In NLP with the structured & unstructured text, one constant that doen't change is text pre-processing. Based on the task & requirements we create a text-cleaning pipeline.

Every try-except block can be written as a different modular function which can be invoked from preprocess_text() function. This serves as a pipeline of the series of text-cleaning that you might require for your dataset.

In [0]:
clean = re.compile('<.*?>')

def preprocess_text(text) :
  try :
    # soup = BeautifulSoup(text, "html.parser")
    # text = soup.get_text()
    text=  re.sub(clean, '', text)
    text = html.unescape(text)
  except Exception as e:
    print("Error in HTML Processing ...")
    print(text)
    text = text
    raise e
  try :
    # remove extra newlines (often might be present in really noisy text)
    text = text.translate(text.maketrans("\n\t\r", "   "))
  except :
    print("Error in removing extra lines ...")
    print(text)
    text = text

  try :
    # remove extra whitespace
    text = re.sub(' +', ' ', text)
    text = text.strip()
  except :
    print("Error in extra whitespace removal ...")
    print(text)
    text = text

  return text

# 3. Creating the Corpus

To train a word-embedding we first need to create a single corpus which contains all of our text that we want the `Machines` to understand.
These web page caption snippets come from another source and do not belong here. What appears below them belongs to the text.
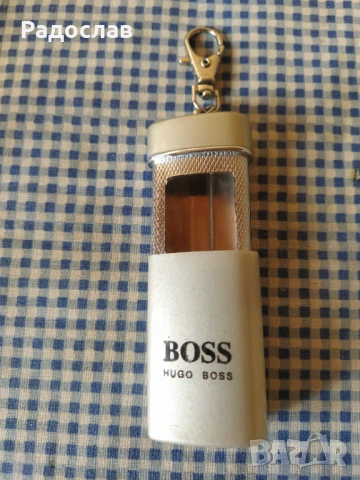 джобен пепелник HUGO BOSS, снимка 4 - Други - 53808328
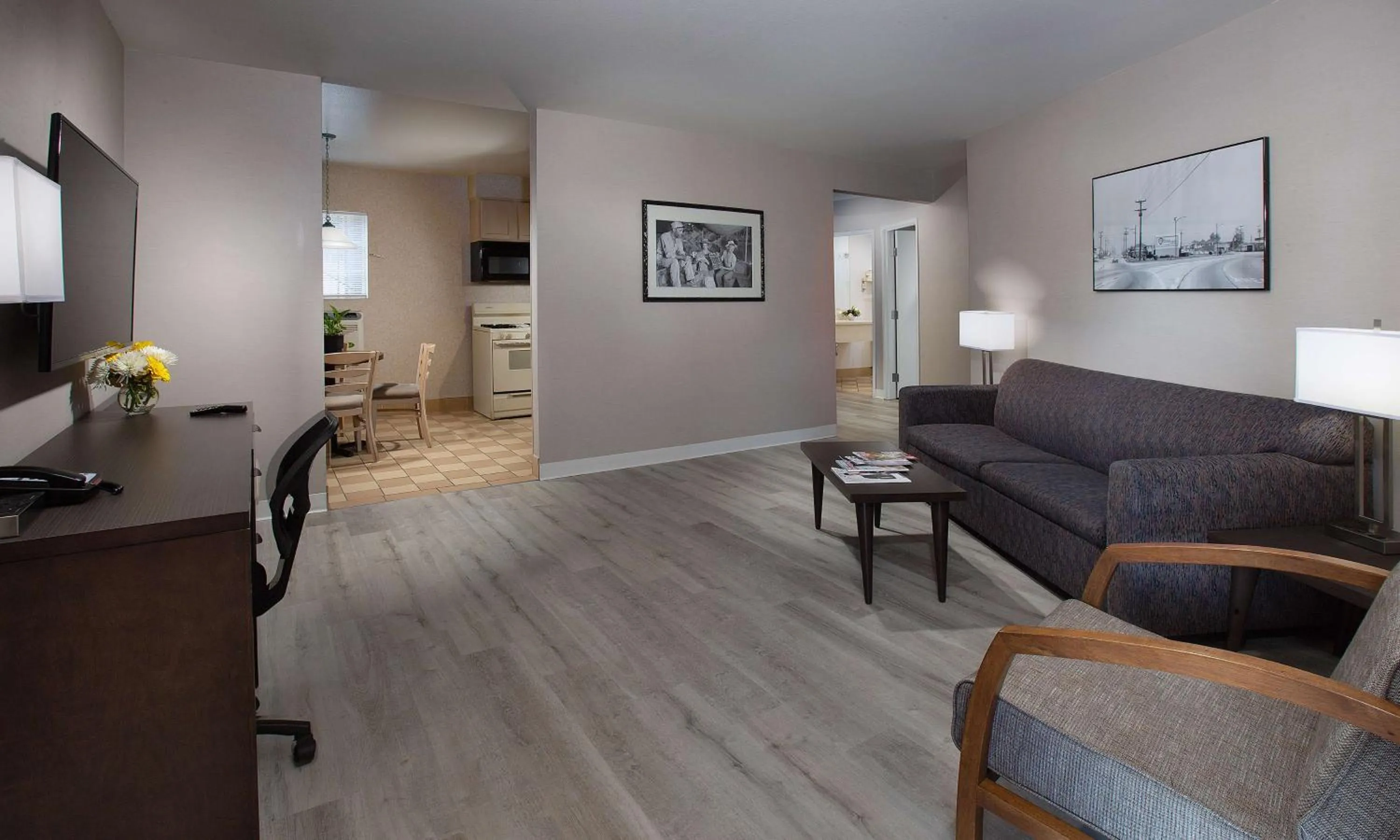 Photo of the whole room in Safari Inn, a Coast Hotel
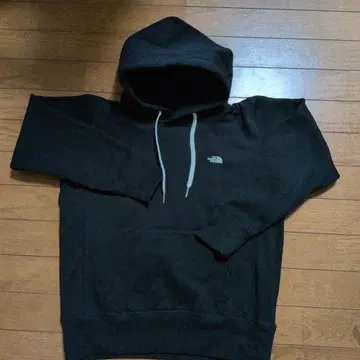 THE NORTH FACE 블랙 후드 부착 후드티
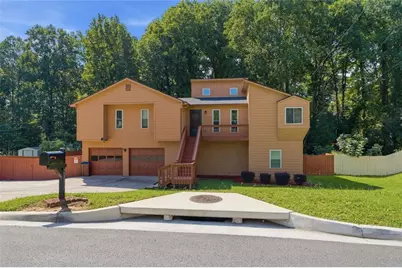 2890 Creekwood Lane NW, Lawrenceville, GA 30044 - Photo 2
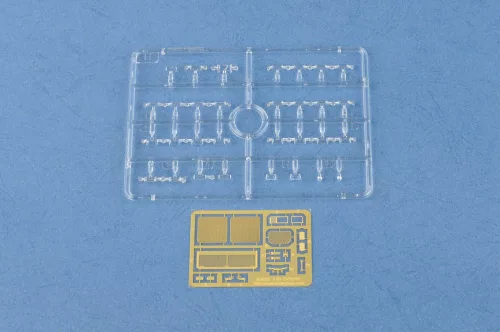 HobbyBoss svéd CV9030 IFV 1:35 harcjármű makett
This includes the following :

1. Loading all the Documents (Text Files/Sentences/Documents etc) & pre-process
2. *One Line Per Document* : Traning format
3. Save to re-use.
4. Train FastText Embedding
5. Convert to Gensim re-usable & distributable format

In [3]:
# Define the Base Path & Data Files
path = '/content/drive/My Drive/ICDMAI_Tutorial/notebook/'
data ='filtered_data/question_tag_text_mapping.pkl'

# Load the structured file with all document Text
question_tag = pd.read_pickle(path+data)
question_tag.head()

Unnamed: 0,Id,OwnerUserId,CreationDate,ClosedDate,Score,Title,Body,CreationMonth,CreationYear,Tag
0,120,83.0,2008-08-01 15:50:08,,21,ASP.NET Site Maps,<p>Has anyone got experience creating <strong>...,8,2008,"[asp.net, sql]"
1,260,91.0,2008-08-01 23:22:08,,49,Adding scripting functionality to .NET applica...,<p>I have a little game written in C#. It uses...,8,2008,"[c#, .net]"
2,330,63.0,2008-08-02 02:51:36,,29,Should I use nested classes in this case?,<p>I am working on a collection of classes use...,8,2008,[c++]
3,470,71.0,2008-08-02 15:11:47,2016-03-26T05:23:29Z,13,Homegrown consumption of web services,<p>I've been writing a few web services for a ...,8,2008,"[web-services, .net]"
4,580,91.0,2008-08-02 23:30:59,,21,Deploying SQL Server Databases from Test to Live,<p>I wonder how you guys manage deployment of ...,8,2008,[sql-server]


In [4]:
# Apply the pre-processing on the Question Body & Text

question_tag['Title'] = question_tag['Title'].apply(preprocess_text)
question_tag['Body'] = question_tag['Body'].apply(preprocess_text)
question_tag.head()

Unnamed: 0,Id,OwnerUserId,CreationDate,ClosedDate,Score,Title,Body,CreationMonth,CreationYear,Tag
0,120,83.0,2008-08-01 15:50:08,,21,ASP.NET Site Maps,Has anyone got experience creating SQL-based A...,8,2008,"[asp.net, sql]"
1,260,91.0,2008-08-01 23:22:08,,49,Adding scripting functionality to .NET applica...,I have a little game written in C#. It uses a ...,8,2008,"[c#, .net]"
2,330,63.0,2008-08-02 02:51:36,,29,Should I use nested classes in this case?,I am working on a collection of classes used f...,8,2008,[c++]
3,470,71.0,2008-08-02 15:11:47,2016-03-26T05:23:29Z,13,Homegrown consumption of web services,I've been writing a few web services for a .ne...,8,2008,"[web-services, .net]"
4,580,91.0,2008-08-02 23:30:59,,21,Deploying SQL Server Databases from Test to Live,I wonder how you guys manage deployment of a d...,8,2008,[sql-server]


In [0]:
# Iterate & Create "One Line Per Document : Traning format"

text_lines =  list()
for index in tqdm(question_tag.index) :
  title = question_tag.loc[index,'Title']
  body =  question_tag.loc[index,'Body']

  text =  title + '. ' + body
  text_lines.append(text)

# Save to re-use easily next-time
with open(path+'/training_data/training_data.txt', 'w',encoding ='utf-8') as filehandle:
    filehandle.writelines("%s\n" % sent for sent in text_lines)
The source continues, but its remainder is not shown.